• **Exercise details**
Write out again the lines from the line with "Produktbild: Natural Mandalas" up to and including the line with "Contrast Low Waist Pockets Wide Leg Pants", exactly as they stand below, and skip any picture.

○ ○ ○ ○ ○ ○ ○

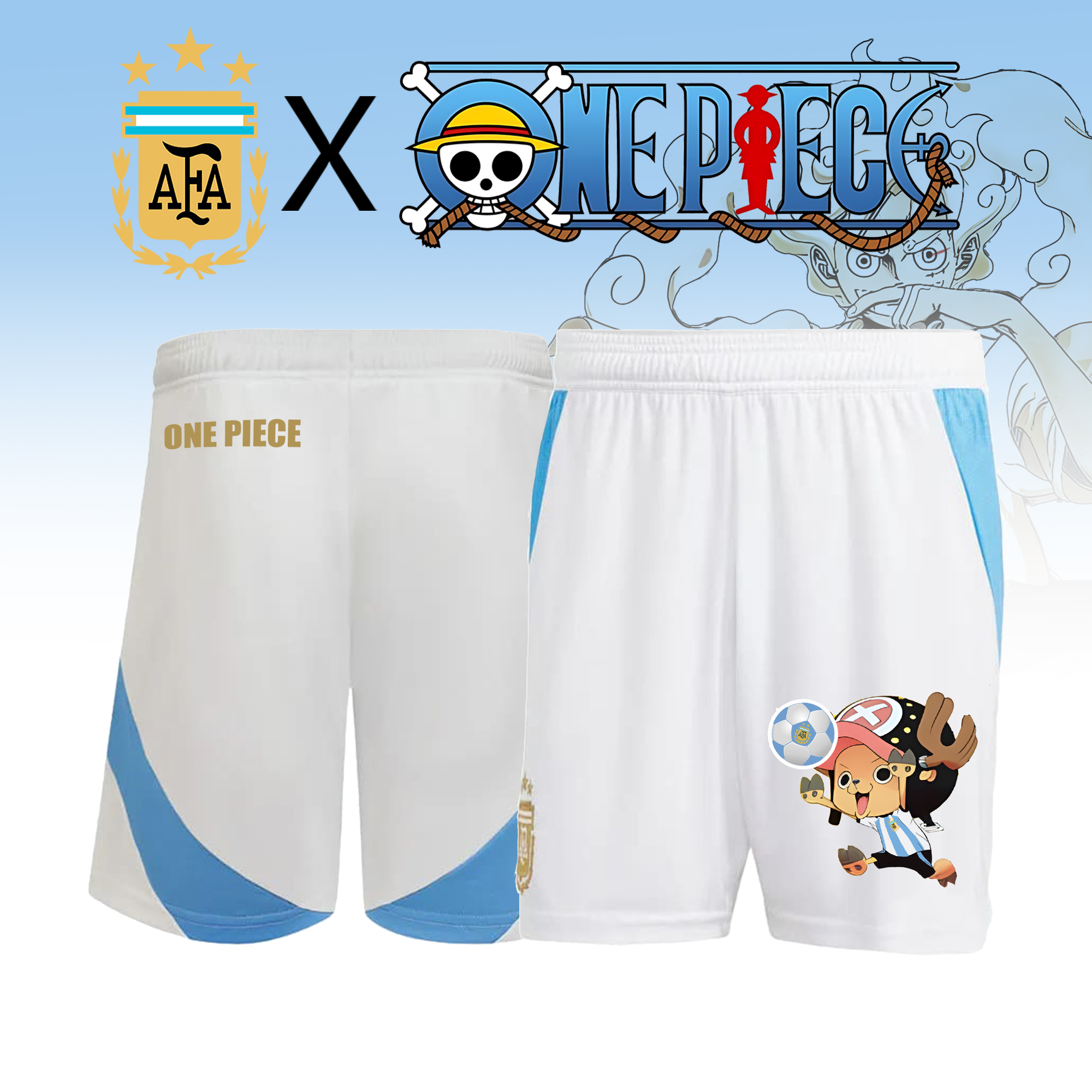 Unisex Vintage Shorts | ARGENTINA HOME JERSEY 2024 2025MESSI GOLD x One Piece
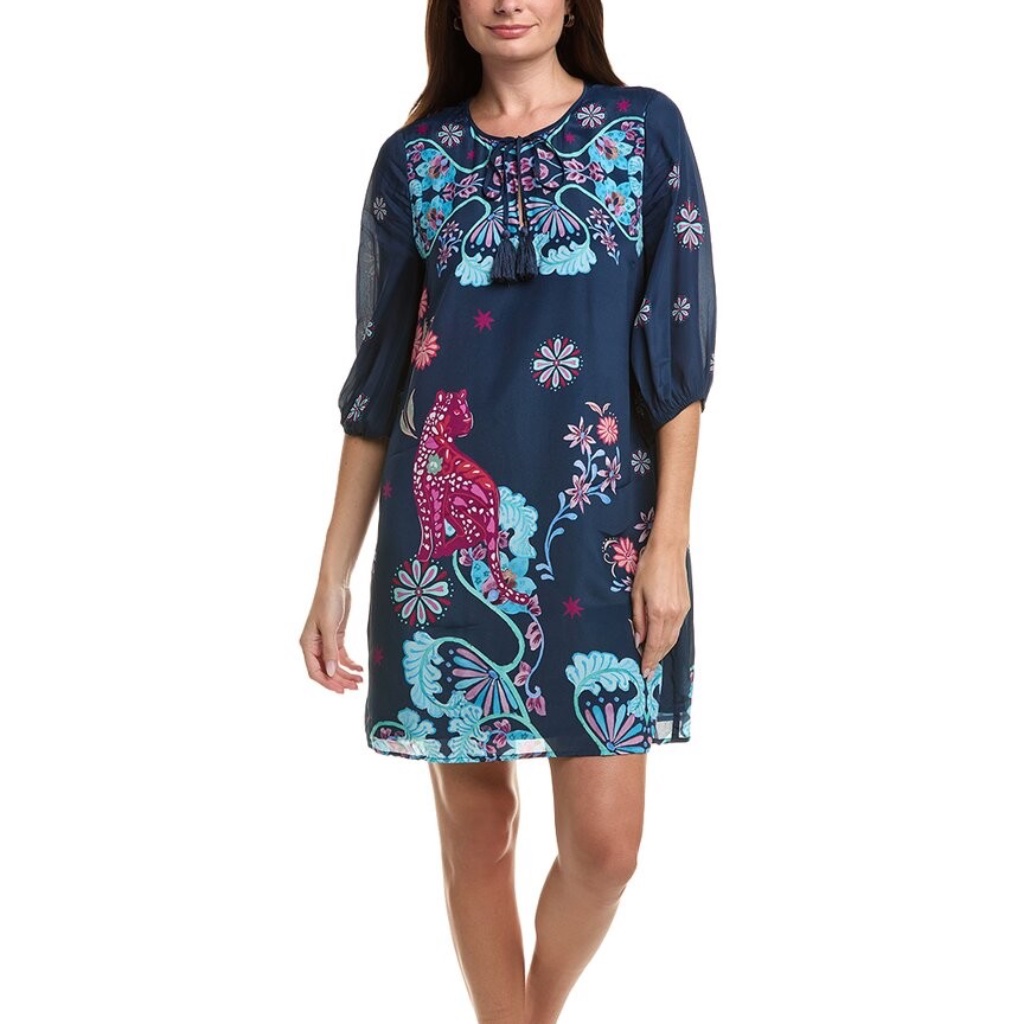 Johnny Was Blue Silk Vesna Mini Dress
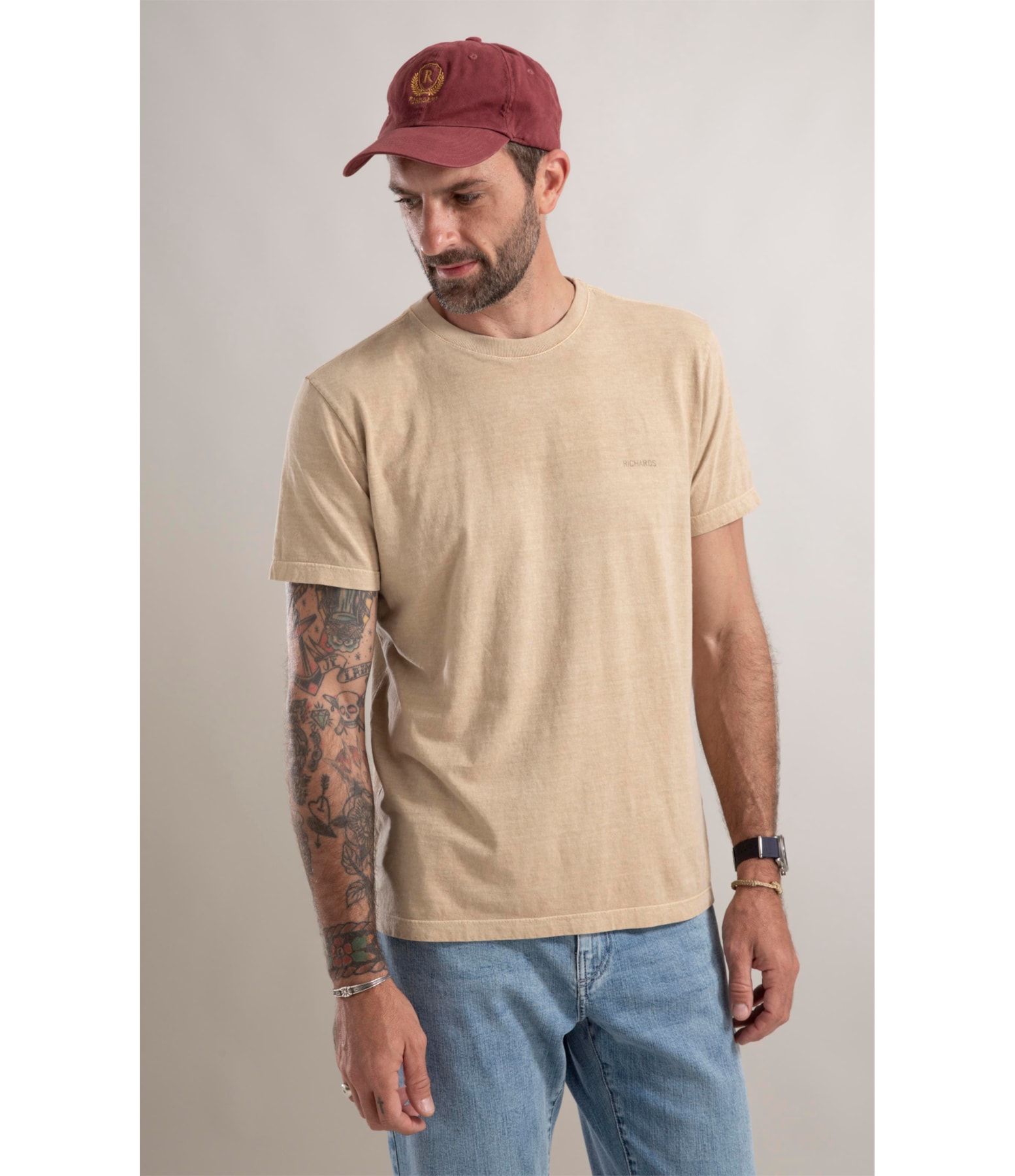 T-Shirt Washed Scrap Map Caqui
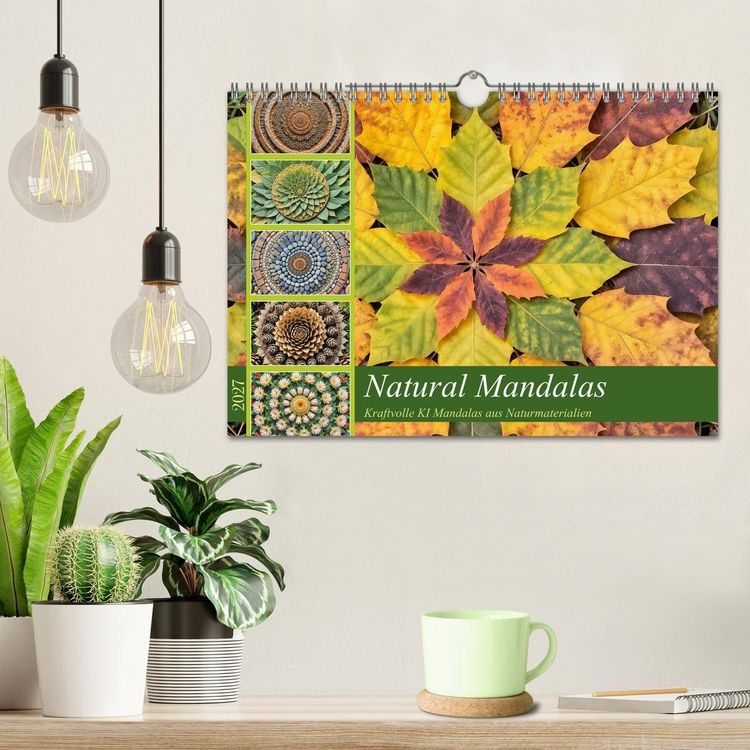 Produktbild: Natural Mandalas - Kraftvolle KI Mandalas aus Naturmaterialien (Wandkalender 2027 DIN A4 quer), CALVENDO Monatskalender
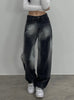 Contrast Low Waist Pockets Wide Leg Pants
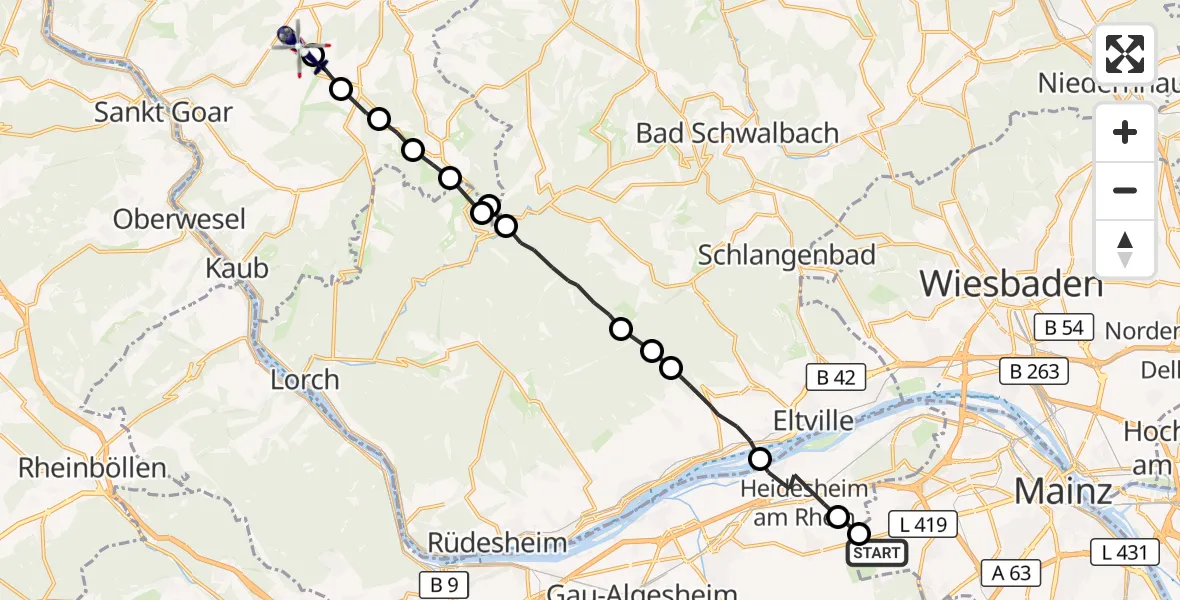 Flugroute Polizeihubschrauber Mainz-Finthen Flugplatz - Niederwallmenach, 10 September 2026, 10:01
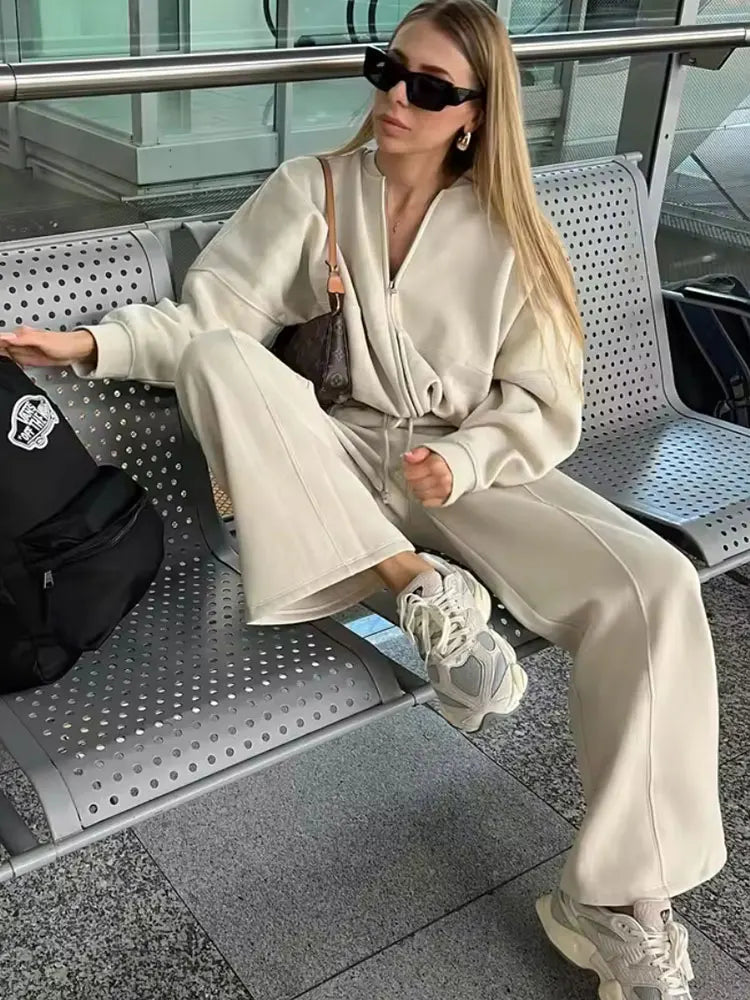 Zip Bomber Jacket+High Waist Lace Up Pants Street Wear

○ ○ ○ ○ ○ ○ ○

• **Answer to the problem**
 Produktbild: Natural Mandalas - Kraftvolle KI Mandalas aus Naturmaterialien (Wandkalender 2027 DIN A4 quer), CALVENDO Monatskalender
 Contrast Low Waist Pockets Wide Leg Pants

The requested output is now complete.